Chiara Esposito - 10 giugno 2021
La Nigeria blocca Twitter: cosa dice questo sul potere dei social
Il governo della Nigeria grida alla minaccia dell’unità nazionale per la cancellazione di un tweet del presidente. Noncuranti delle critiche internazionali, i funzionari procedono al blocco dell’app con sanzioni per i trasgressori. Il potere politico esercitato dalle piattaforme social però fa riflettere.
Il presidente nigeriano Muhammadu Buhari si è espresso in maniera offensiva circa la guerra civile combattuta a fine anni ‘60 contro la regione del Biafra e Twitter, dopo le polemiche degli utenti in merito, ha rimosso il messaggio.
Il gesto dell’azienda di Jack Dorsey viene però condannato dal governo che sospende a tempo indeterminato l’uso dell’applicazione per i suoi cittadini. Il Ministro dell’Informazione Lai Mohamed dichiara di voler così arginare:
“L’uso persistente della piattaforma per attività che sono capaci di minare l’esistenza corporativa della Nigeria”.
La richiesta del ministro della Giustizia Abubakar Malam alle autorità è invece quella di segnalare ogni trasgressione. Che peso ha perciò l’uso dei social network nella vita politica contemporanea e perché sono temuti così tanto?
La politica di Twitter
La piattaforma social è ben nota per il suo interventismo politico grazie al caso Trump.
La decisione aziendale dello scorso gennaio prevedeva addirittura l’eliminazione irreversibile del suo account a seguito dei fatti di Capitol Hill. La presa di posizione sul caso fu tanto eclatante da sollevare questioni capaci di spaccare l’opinione pubblica.
In molti però sostenevano l’idea che un utente, scegliendo liberamente di usare un canale controllato da un ente privata, non può aspettarsi un trattamento privilegiato rispetto al regolamento interno solo perché rappresentante di forze politiche nazionali.
Il grande potere dei social è un problema per alcuni politici
La scelta della Nigeria di vietare l’uso di Twitter secondo alcuni osservatori internazionali affonda le sue radici nella consapevolezza che i social siano oggi un’arma molto potente di espressione politica. Amnesty International nel 2020 sosteneva che le autorità nigeriane:
Hanno utilizzato leggi repressive per intimidire, arrestare e detenere difensori dei diritti umani, attivisti, operatori dei media e critici. Anche attori non statali hanno sottoposto i giornalisti a intimidazioni e percosse”.

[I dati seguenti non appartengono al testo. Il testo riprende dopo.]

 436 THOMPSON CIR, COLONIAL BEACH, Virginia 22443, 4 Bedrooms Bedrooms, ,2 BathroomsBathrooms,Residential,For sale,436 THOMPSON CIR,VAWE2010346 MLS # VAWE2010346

La rilevanza che l’uso dei social ha nella società è infatti di recente stata testimoniata da eventi come le proteste in Myanmar dove la polizia controlla i post dei manifestanti per impedire loro di documentare la violenza dei golpisti o l’arresto di Roman Protasevič, founder del gruppo Telegram che organizzò le proteste con Lukashenko in Bielorussia.
In questi casi è evidente che sono proprio i mezzi di informazione e comunicazione i fautori di danni all’immagine statale.
Cosa risponde il mondo alla Nigeria
Come possiamo capire quindi i social sono strumenti che democratizzano l’informazione facendo da megafono sul mondo globalizzato che, come tale, offre una molteplicità di visioni possibili della realtà, non solo l’ortodossia politica locale. Non stupisce quindi la critica alla decisione nigeriana da parte di Regno Unito, Canada, Stati Uniti e Irlanda e Unione europea.
In una loro dichiarazione congiunta si legge:
“Vietare i mezzi di espressione non è la soluzione. La strada per una Nigeria più sicura passa attraverso una maggiore comunicazione, non minore”.
Tale azione diplomatica pur rimarcando un discostamento formale tuttavia potrebbe restare solo un bel messaggio pronunciato da leader di nazioni lontane dalla realtà quotidiana del paese africano. Per delle ulteriori risposte bisognerà attendere aggiornamenti governativi.